Imagine one has to pull a large amount of data from websites and wanted to do as quickly as possible. How to do it without manually going to each website and getting the data? Well, Web Scraping is the answer. Web scraping just makes this job easier and faster. In this article on Web Scraping with Python, one will learn about web scraping in brief and see how to extract data from a website with a demonstration.
Why Web Scraping?
Web Scraping is used to collect large information from websites. But why does someone have to collect such large data from websites? To know about this, let’s look at the applications of web scraping.
- Price Comparison: Services such as Parse Hub use web scraping to collect data from online shopping websites and use it to compare the prices of products.
- Email address gathering: Many companies that use email as a medium for marketing, use web scraping to collect email ID and then send bulk emails.
- Social Media Scraping: web Scraping is used to collect data from social media websites such as Twitter to find out what’s trending.
- Research and Development: web scraping is used to collect a large set of data (Statistics, General Information, Temperature, etc.) from websites, which are analyzed and used to carry out surveys or for R&D.
- Job listings: Details regarding job openings, interviews are collected from different websites and then listed in one place so that it is easily accessible to the user.
Why Python for web Scraping:
One probably heard of how awesome python is. But so are other languages too. Then why should one choose python over the other programming languages for web scraping?
Here is the list of features of Python which makes it more suitable for web scraping.
- Easy of Use: Python is simple to code. One does not have to add semi-columns, “;” or curly brace anywhere. This makes it less messy and easy to use.
- A large collection of Libraries: Python has a huge collection of libraries such as NumPy, Matplotlib, Pandas, etc., which provides methods and services for various purposes. Hence, it is suitable for web scraping and further manipulation of extracted data.
- Dynamically types: in Python, one doesn’t have to define data types for variables, variables can be used directly wherever required. This saves time and makes one’s job faster.
- Easily Understandable Syntax: Python syntax is easily understandable mainly because reading a Python code is very similar to reading a statement in English.
- Small code, large task: Web scrapping is used to save time. But what’s the use if one spends more time writing the code? Well, you don’t have to. In Python, one can write small codes to do large tasks.
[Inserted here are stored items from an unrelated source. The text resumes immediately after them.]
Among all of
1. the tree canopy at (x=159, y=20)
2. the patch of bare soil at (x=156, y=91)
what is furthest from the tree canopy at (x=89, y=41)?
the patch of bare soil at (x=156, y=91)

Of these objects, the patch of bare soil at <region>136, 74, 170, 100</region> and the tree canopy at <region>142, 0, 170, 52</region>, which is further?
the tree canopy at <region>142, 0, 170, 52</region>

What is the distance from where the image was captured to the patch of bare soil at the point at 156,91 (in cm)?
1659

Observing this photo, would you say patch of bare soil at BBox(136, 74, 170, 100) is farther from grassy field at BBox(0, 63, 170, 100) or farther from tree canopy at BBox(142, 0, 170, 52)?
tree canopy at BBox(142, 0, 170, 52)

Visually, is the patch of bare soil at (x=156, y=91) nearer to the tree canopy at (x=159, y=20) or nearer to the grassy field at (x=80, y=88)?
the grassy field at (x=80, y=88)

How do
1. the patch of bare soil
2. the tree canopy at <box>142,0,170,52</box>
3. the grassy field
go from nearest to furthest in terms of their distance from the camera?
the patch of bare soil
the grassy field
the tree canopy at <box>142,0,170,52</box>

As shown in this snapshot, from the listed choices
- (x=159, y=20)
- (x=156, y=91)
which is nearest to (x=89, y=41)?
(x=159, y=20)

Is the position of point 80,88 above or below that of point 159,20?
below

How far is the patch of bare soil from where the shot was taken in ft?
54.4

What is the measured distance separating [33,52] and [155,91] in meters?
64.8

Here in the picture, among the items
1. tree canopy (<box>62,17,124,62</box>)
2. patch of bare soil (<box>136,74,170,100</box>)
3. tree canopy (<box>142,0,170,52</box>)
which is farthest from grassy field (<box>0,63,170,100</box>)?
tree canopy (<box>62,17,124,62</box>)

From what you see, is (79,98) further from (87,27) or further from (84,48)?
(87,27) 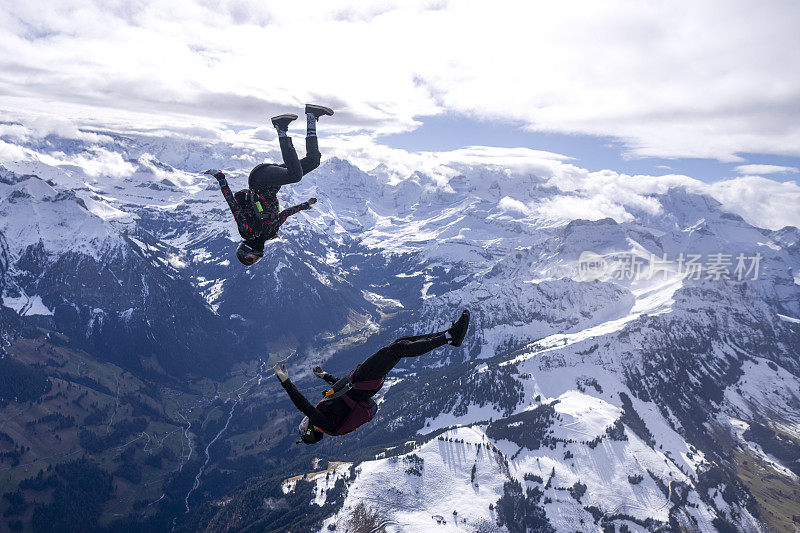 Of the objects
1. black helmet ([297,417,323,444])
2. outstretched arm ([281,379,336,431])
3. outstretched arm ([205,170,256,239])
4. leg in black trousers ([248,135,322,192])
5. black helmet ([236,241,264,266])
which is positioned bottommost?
black helmet ([297,417,323,444])

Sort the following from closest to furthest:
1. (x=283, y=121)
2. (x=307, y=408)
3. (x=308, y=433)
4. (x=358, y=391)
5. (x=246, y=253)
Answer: (x=307, y=408) → (x=308, y=433) → (x=358, y=391) → (x=283, y=121) → (x=246, y=253)

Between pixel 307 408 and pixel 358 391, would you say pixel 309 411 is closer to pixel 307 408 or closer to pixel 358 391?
pixel 307 408

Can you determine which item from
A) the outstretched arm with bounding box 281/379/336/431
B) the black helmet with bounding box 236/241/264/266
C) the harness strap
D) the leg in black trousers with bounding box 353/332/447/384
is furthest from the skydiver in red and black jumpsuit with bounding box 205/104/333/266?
the leg in black trousers with bounding box 353/332/447/384

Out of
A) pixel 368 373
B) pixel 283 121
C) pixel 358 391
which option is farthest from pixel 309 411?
pixel 283 121

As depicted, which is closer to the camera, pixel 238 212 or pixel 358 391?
pixel 358 391

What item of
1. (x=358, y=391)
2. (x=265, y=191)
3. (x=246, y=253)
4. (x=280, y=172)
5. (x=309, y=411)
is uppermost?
(x=280, y=172)

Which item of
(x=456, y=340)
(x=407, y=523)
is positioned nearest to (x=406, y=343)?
(x=456, y=340)

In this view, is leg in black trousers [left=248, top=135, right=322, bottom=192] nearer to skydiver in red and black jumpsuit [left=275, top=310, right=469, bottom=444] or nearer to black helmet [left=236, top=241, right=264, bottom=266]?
black helmet [left=236, top=241, right=264, bottom=266]
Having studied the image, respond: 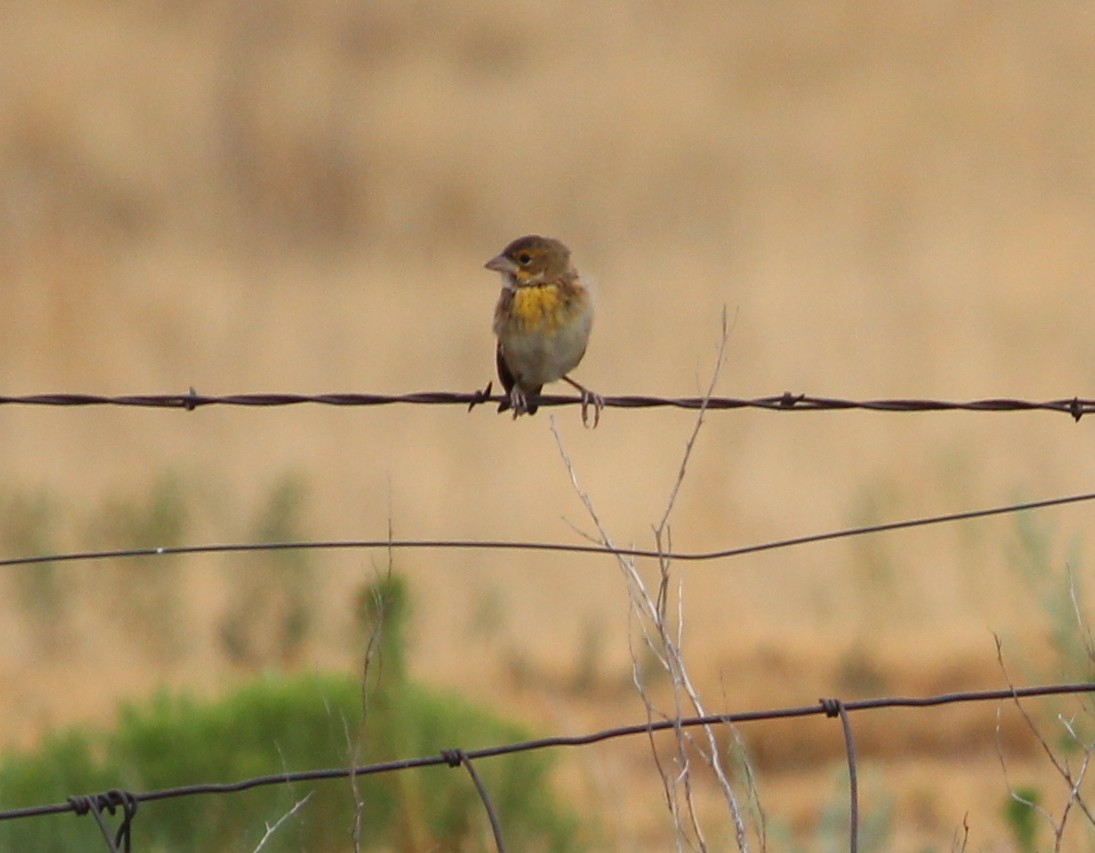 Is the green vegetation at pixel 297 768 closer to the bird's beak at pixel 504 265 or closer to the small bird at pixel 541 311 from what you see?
the small bird at pixel 541 311

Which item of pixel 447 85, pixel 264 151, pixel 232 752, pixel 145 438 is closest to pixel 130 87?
pixel 264 151

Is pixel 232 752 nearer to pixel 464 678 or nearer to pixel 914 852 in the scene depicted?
pixel 914 852

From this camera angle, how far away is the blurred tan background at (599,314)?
15.7 meters

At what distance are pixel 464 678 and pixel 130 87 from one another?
14639 mm

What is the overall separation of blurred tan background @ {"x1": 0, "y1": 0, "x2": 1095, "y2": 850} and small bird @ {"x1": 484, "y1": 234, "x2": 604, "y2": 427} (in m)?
5.84

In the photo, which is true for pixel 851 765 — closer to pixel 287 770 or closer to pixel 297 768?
pixel 287 770

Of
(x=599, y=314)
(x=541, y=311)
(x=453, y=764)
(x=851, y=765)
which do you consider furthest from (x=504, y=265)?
(x=599, y=314)

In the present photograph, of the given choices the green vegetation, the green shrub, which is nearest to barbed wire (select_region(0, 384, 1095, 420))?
the green vegetation

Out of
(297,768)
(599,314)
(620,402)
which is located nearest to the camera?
(620,402)

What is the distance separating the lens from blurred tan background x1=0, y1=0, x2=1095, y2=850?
15695 mm

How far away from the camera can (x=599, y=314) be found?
75.8ft

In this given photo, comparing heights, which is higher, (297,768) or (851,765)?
(851,765)

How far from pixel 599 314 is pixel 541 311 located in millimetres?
16365

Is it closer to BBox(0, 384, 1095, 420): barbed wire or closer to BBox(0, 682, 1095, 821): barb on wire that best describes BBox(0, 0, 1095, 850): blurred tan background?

- Community: What if one gets stuck while writing the code? Python community has one of the biggest and most active communities, where one can seek help from.
How does Web scraping work?
When one runs the code for web scraping, a request is sent to the URL that is mentioned. The code then, parses the HTML or XML page, finds the data, and extracts it.
To extract the data using web scraping with python, one need to follow these basic steps:
- Find the URL and insert the page
- Find the data and write the code
- Run the code and extract the data
- Store the data in the required format
Summing it Up!
As the internet has grown astronomically and businesses have become increasingly dependent on data, it is now a compulsion to have access to the latest data on every given subject. So leverage web scraping and boost one’s prospects in the chosen area of endeavor!